Sanki gözlerimiz ışık geçirmez bir bağ ile sıkı sıkıya bağlanmış ve biz bir ipin ucundan tutarak ilerlemeye çalışıyoruz. İpin diğer ucu bir yerlere bağlı ise; iyi kötü bir yere ulaşmış olacağız el yordamıyla sürdürdüğümüz bu yolculuğun sonunda. Ama bağlı değilse; ipin bir ucundan başlayıp diğer ucuna gitmiş olacağız sadece. Tersten okunduğunda da aynı olan kelimeler gibi bir şey olacak yani hayatımız. Bunca gayret, bunca çaba, bunca kör cesaret ve değişmeyecek aslında yolun başı ile sonu arasında hiçbir şey! Aradan geçen zaman dışında...

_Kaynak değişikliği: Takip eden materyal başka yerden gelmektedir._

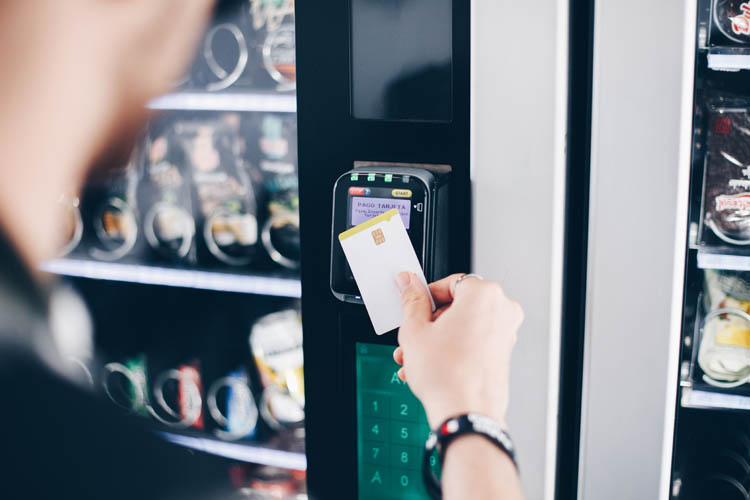 Vente distributeurs automatiques Porto-Vecchio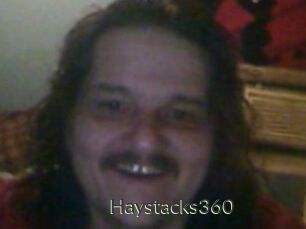 Haystacks360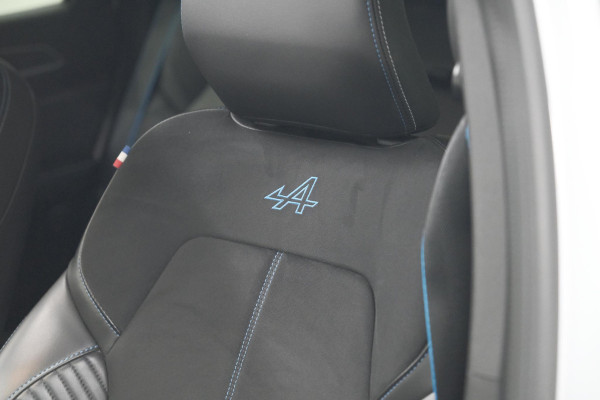 Renault Arkana 1.6 E-Tech full hybrid 145 esprit Alpine | 360 Camera | Panoramadak | Stoelverwarming | Dodehoekdetectie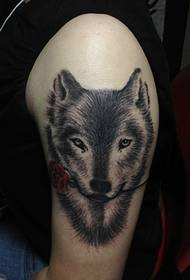 simpatici tatuaggi di animali carini sono amati da tutti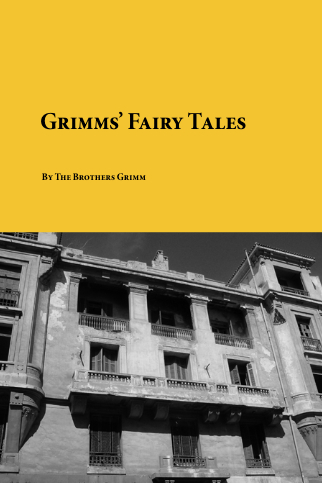Скачать Grimm’s Fairy Tales бесплатно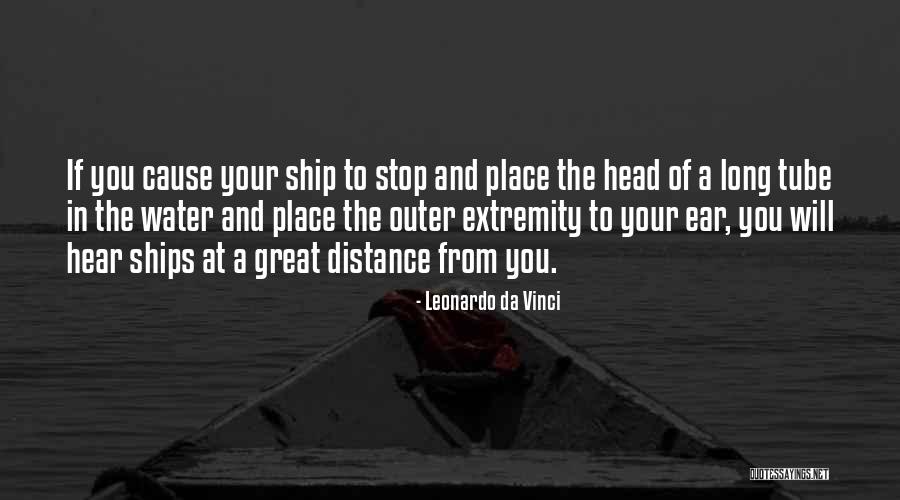Ear Tube Quotes By Leonardo Da Vinci Ear Tube Quotes By Leonardo Da Vinci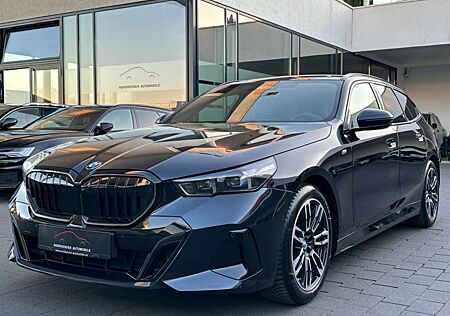 BMW 520 d Touring M Sport | Pano | AHK | Standheiz.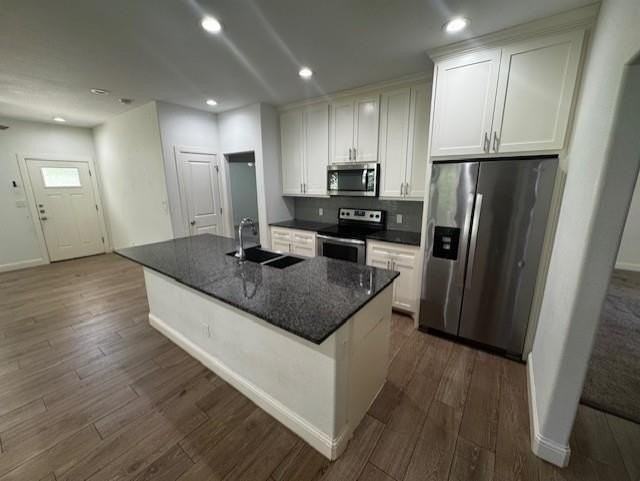 605 Martin Luther King St - Photo 4 of 13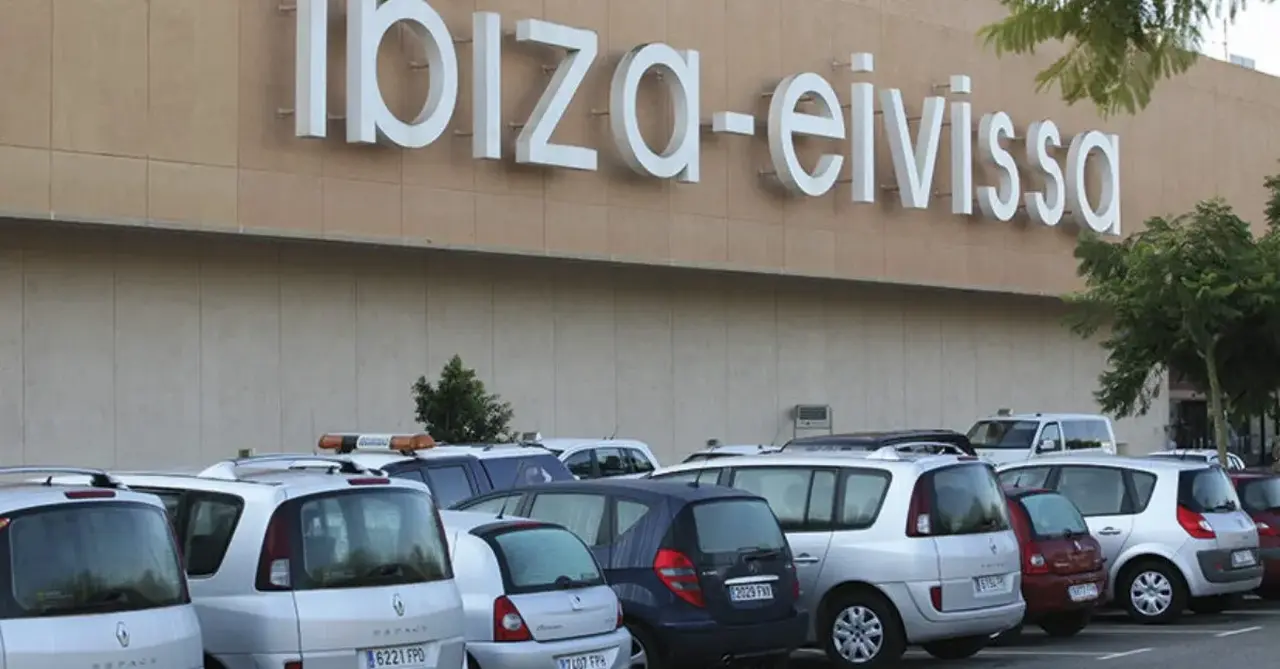 Ibiza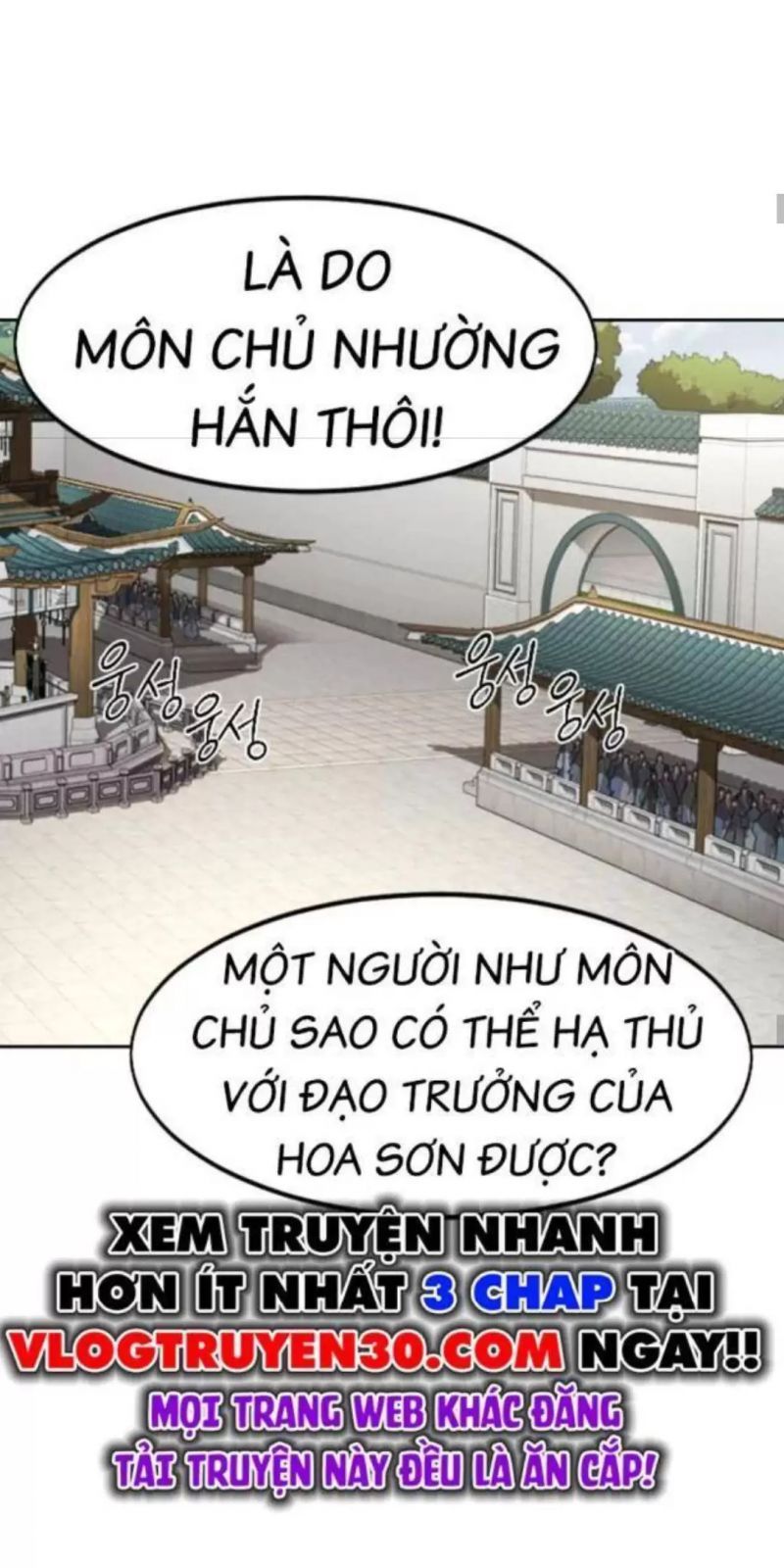 đọc truyện Hoa Sơn Tái Khởi Chương 141 ảnh 37 tại Truyện Dạ Ký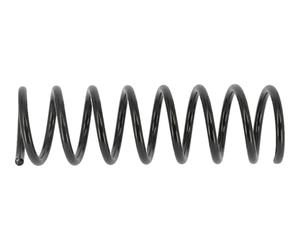 MONROE SUSPENSION SPRING | SP4989 | REAR | FOR VOLVO V40 CROSS COUNTRY 2013-2015 | OE-MATCHING QUALITY | RIDE COMFORT & STABILITY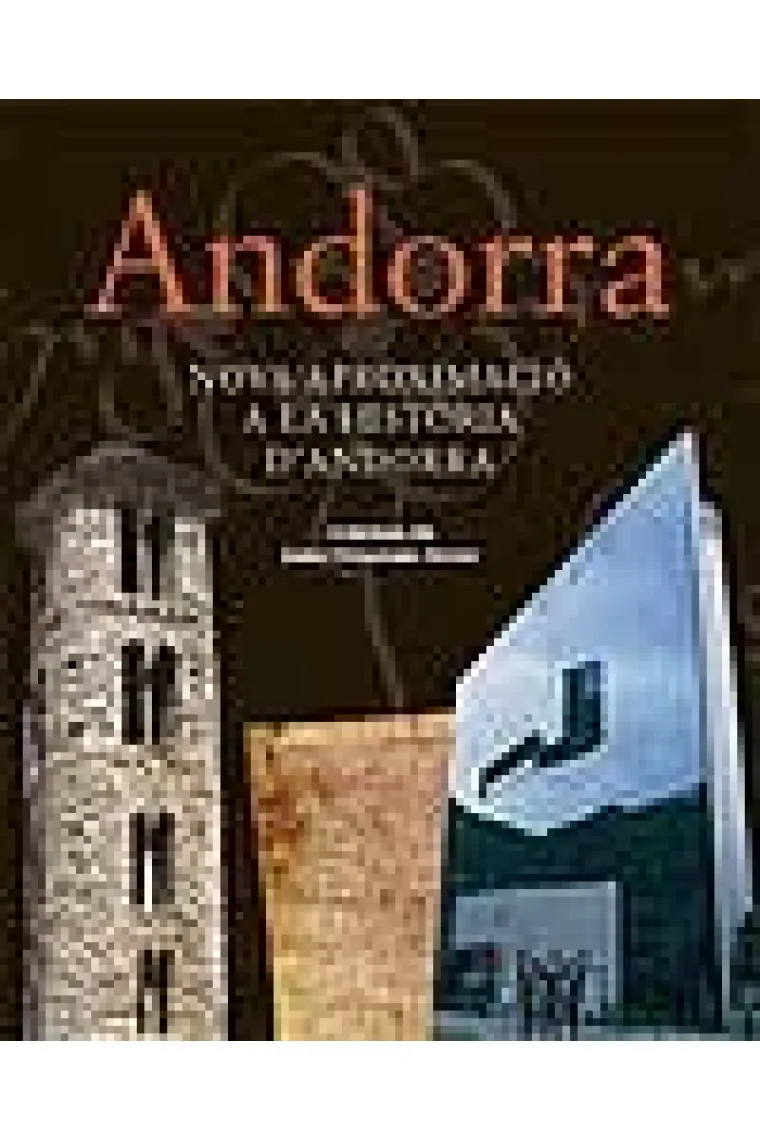 Andorra (Catalán)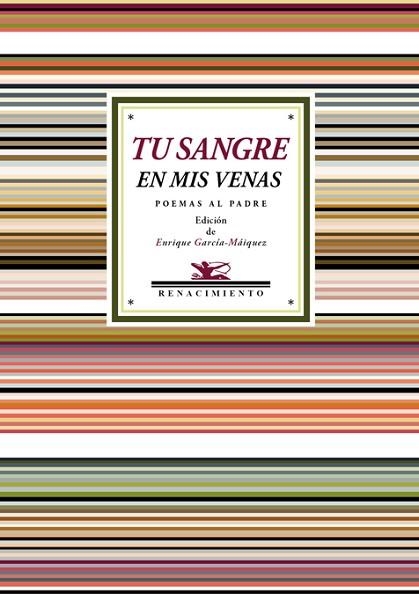 Tu sangre en mis venas | 9788416981229 | AA.VV | Librería Castillón - Comprar libros online Aragón, Barbastro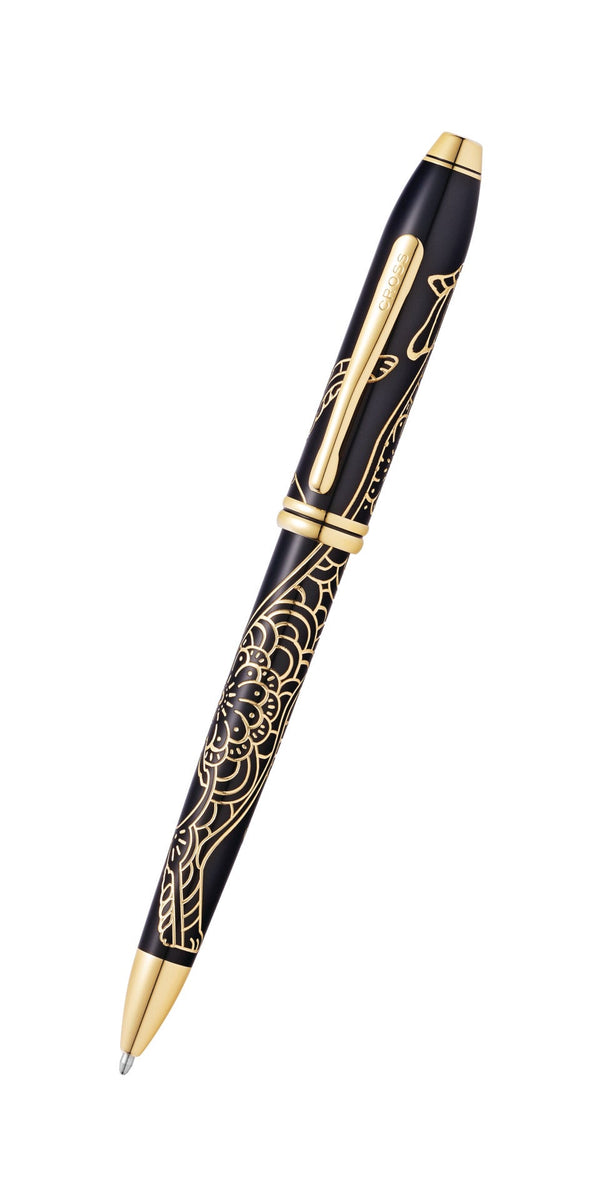 cross Zodiac 2018 Year of the Dog Special-Edition Ballpoint Pen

“Nasıl oluyor da gerçeği bildiğinden bu kadar emin olabiliyorsun?” diye sordu oturan. “Bir şeyden emin olmanın gerçekle ne ilgisi var!” dedi ayaktaki.

“İnsanların düşünceleri çoğunlukla kendilerini huzurlu kılacak tarzda kurulmuştur. Çoğu insan için doğruluk ikincil bir öneme sahiptir” diyor Bertrand Russell.

Her şeyin cevabını bildiğinden o kadar emindi ki, zihninin klavyesinde soru işareti tuşu örümcek bağlamıştı.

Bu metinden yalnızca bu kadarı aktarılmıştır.